Well its one of those topics isn’t it? Like Money or God. Or Sex. We don’t like to talk about it because its loaded.

But in long term relationship, sooner or later, you have to talk about loaded topics. Actually many couples manage to avoid the talking, but they can’t avoid the experience.

Sooner or later someone close to you or your partner is going to die. I believe that grief is a private matter – possibly the most private of all emotions. Because of that, people handle grief in very individual ways.

This is where the trouble starts. Some people want to be left alone with their feelings. Others want to talk and cry and be held. I call this a ‘sharing threshold’. How much do you want to share and how much do you want to mourn privately?
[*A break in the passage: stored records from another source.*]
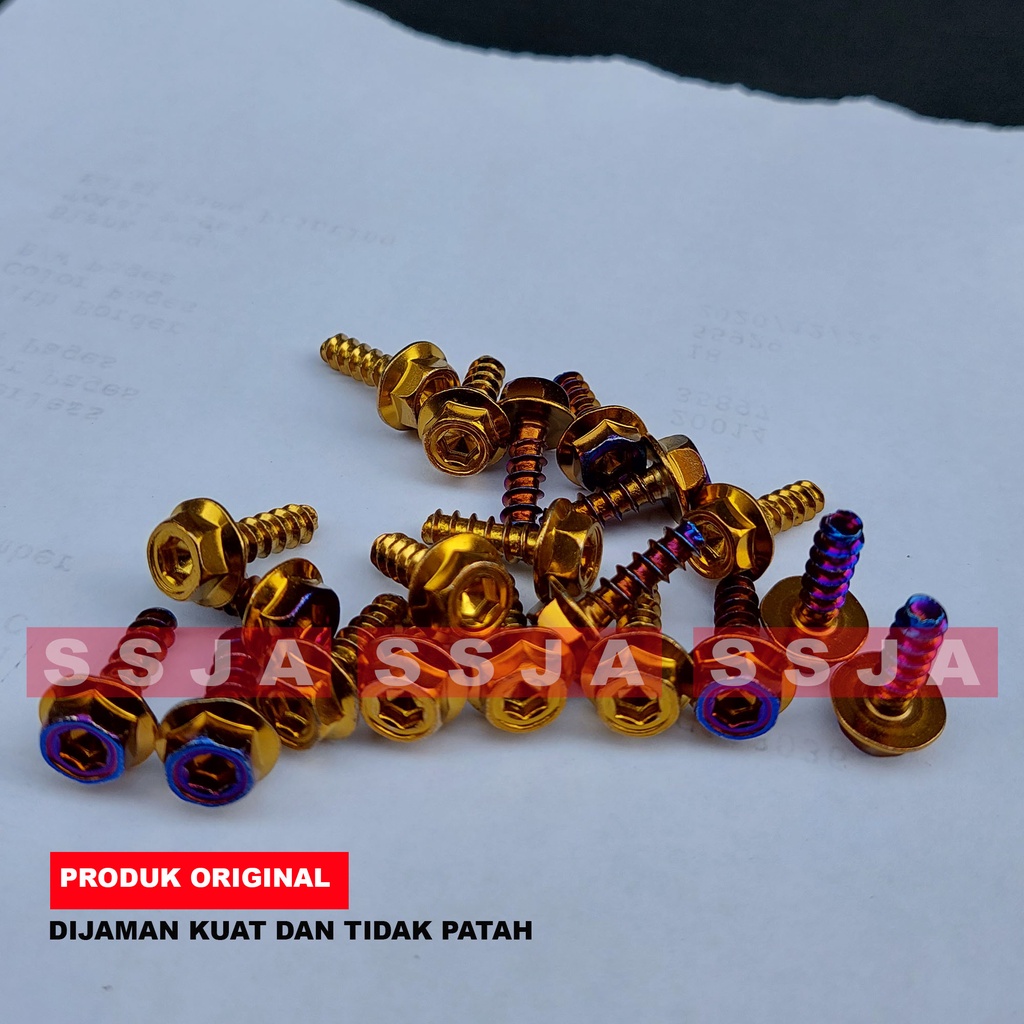 Paket| 10 PCS Baut Klip Body Motor Yamaha / Baut Body Cacing + Kleman Body / Mur Baud Bodi Motor / Baud Body Motor Yamaha / Baut VariasI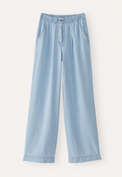 Indigo-gef&auml;rbte weite Hose, Blasses Denimblau, webstill
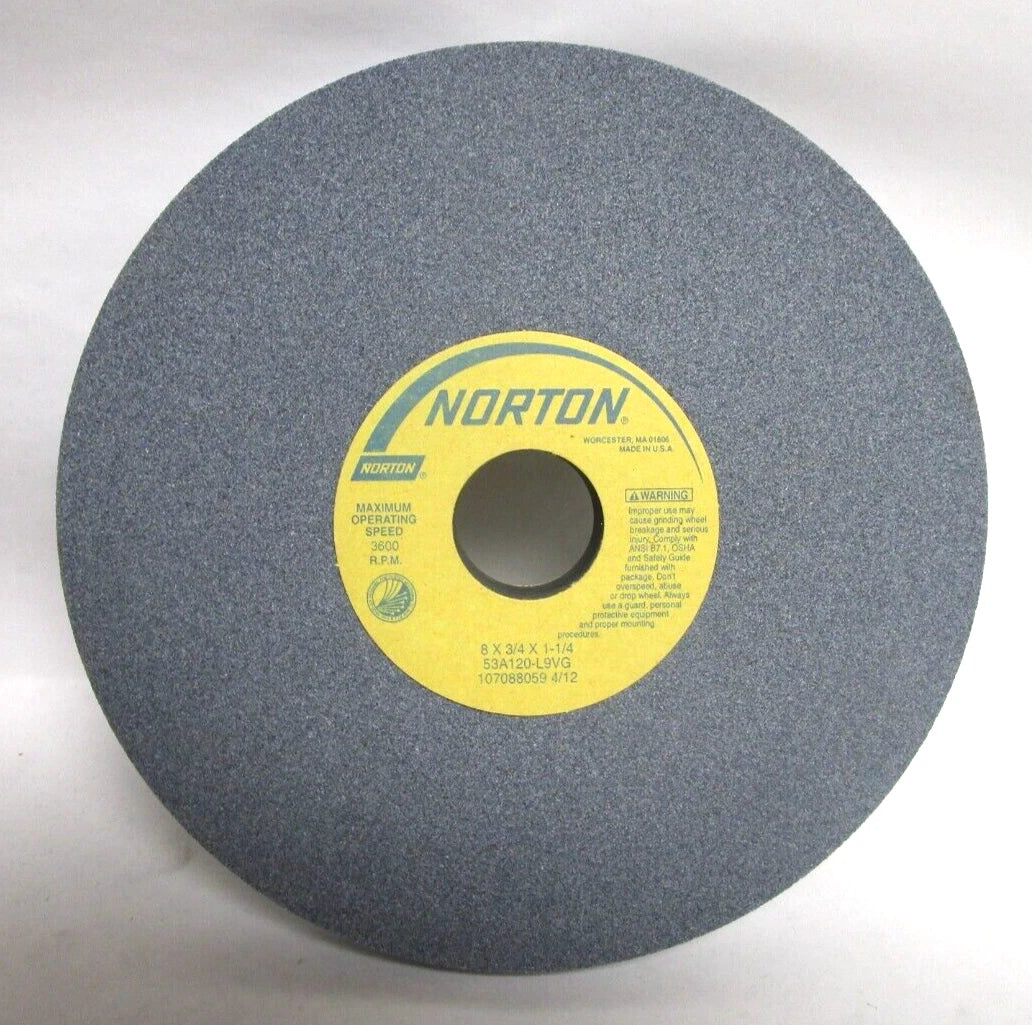 Norton Abrasive 8"x3/4"x1-1/4" 53a120-l9vg Tool Room Bench Grd Wheel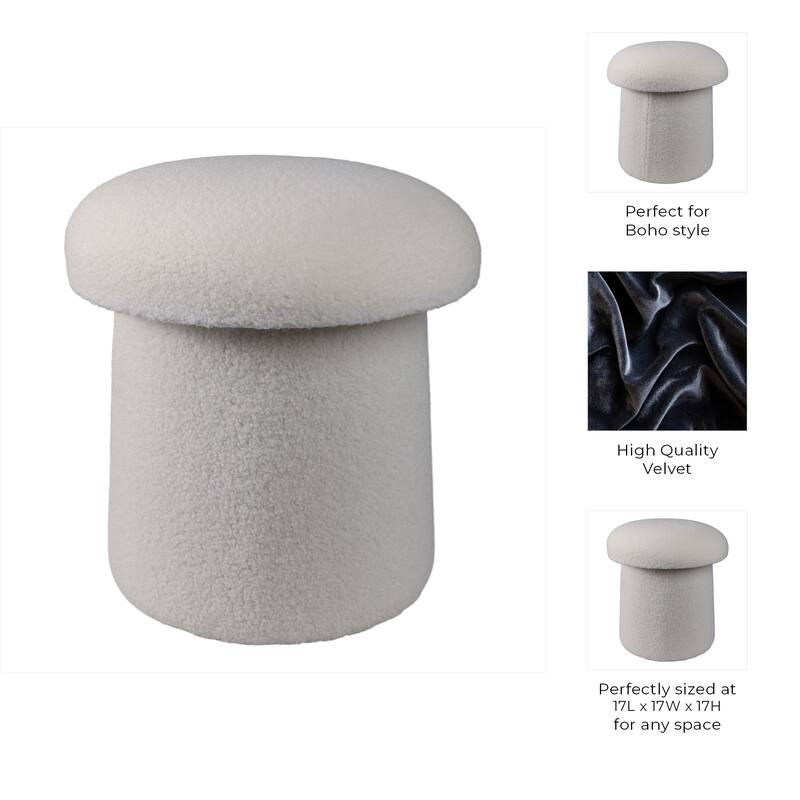 Velvet Wood Mushroom Shaped Ottoman Boho Accent for Home - 17" Ivory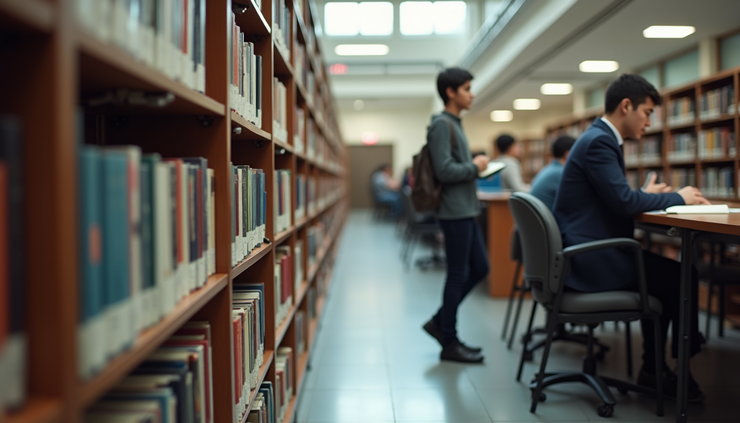 Eye-level view of a college campus library with students studying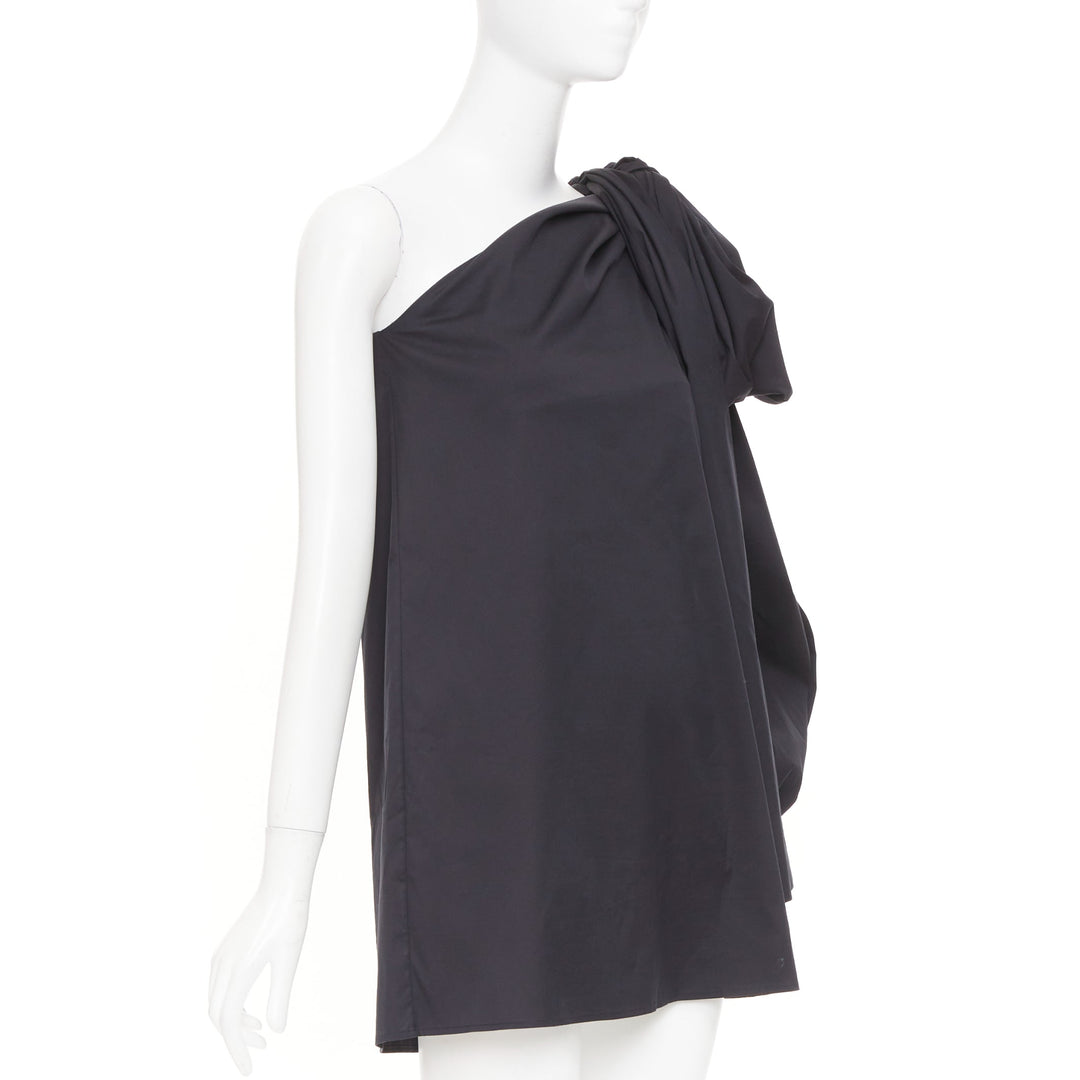 BERNADETTE Lucette black asymmetric one shoulder puff sleeve dress IT36 XXS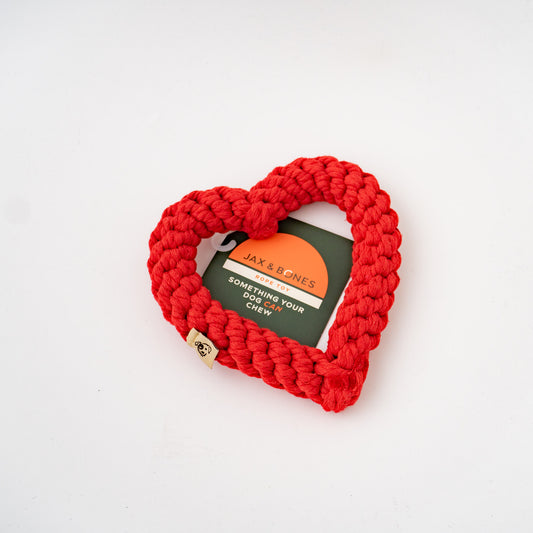 ペット用品 - JAX＆BONES｜Pink Heart 7" Rope Dog Toy（RED）
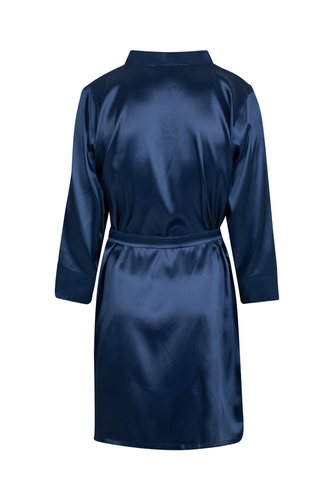 Ares Szlafrok męski satynowy ByShelly - granatowy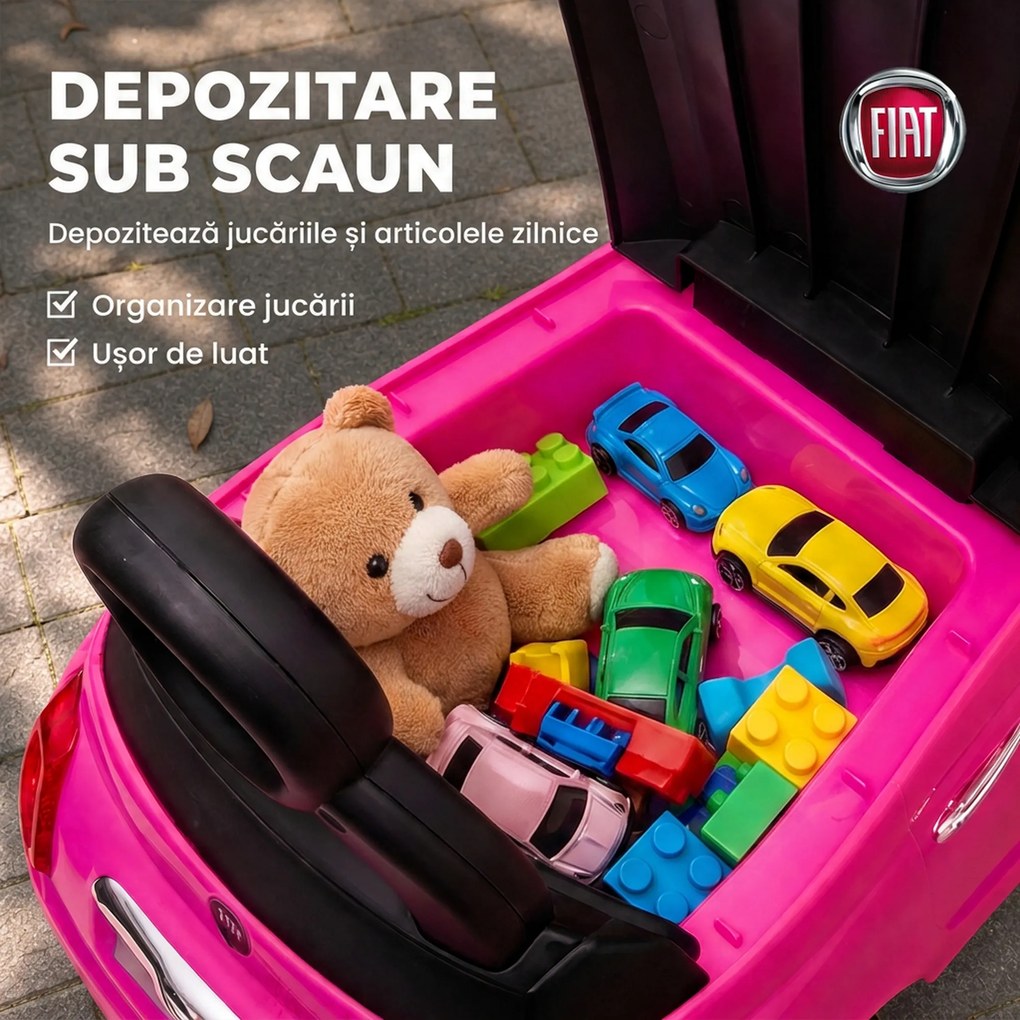 AIYAPLAY Mașinuță de Împins pentru Copii 12-36 Luni, Licență Fiat, cu Muzică, Claxon și Spațiu Depozitare, Roz | Aosom Romania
In the depth of grief its hard to articulate how you want to be supported. Your partner is left guessing, says the wrong thing and it lands as crushingly insensitive and uncaring. Its one of those pivotal moments in relationship that can cause long lasting damage – not through anyone’s fault, but because emotions are heightened.

Let your partner know what your sharing threshold is, and to find out what theirs is.

If you can talk about this before the situation arises, so much the better. Its uncomfortable to bring up the subject of death but its worth it.

Ask the question, ‘How would you want me to support you at a time of grief?’

Now, because death is taboo, a lot of people won’t have an answer, simply because they haven’t thought about it. That doesn’t matter. Asking the question will get both of you thinking about it.

You may not have an answer till someone passes away and are in the throes of grief. But if you start the conversation now it will be easier to revisit when its a real experience.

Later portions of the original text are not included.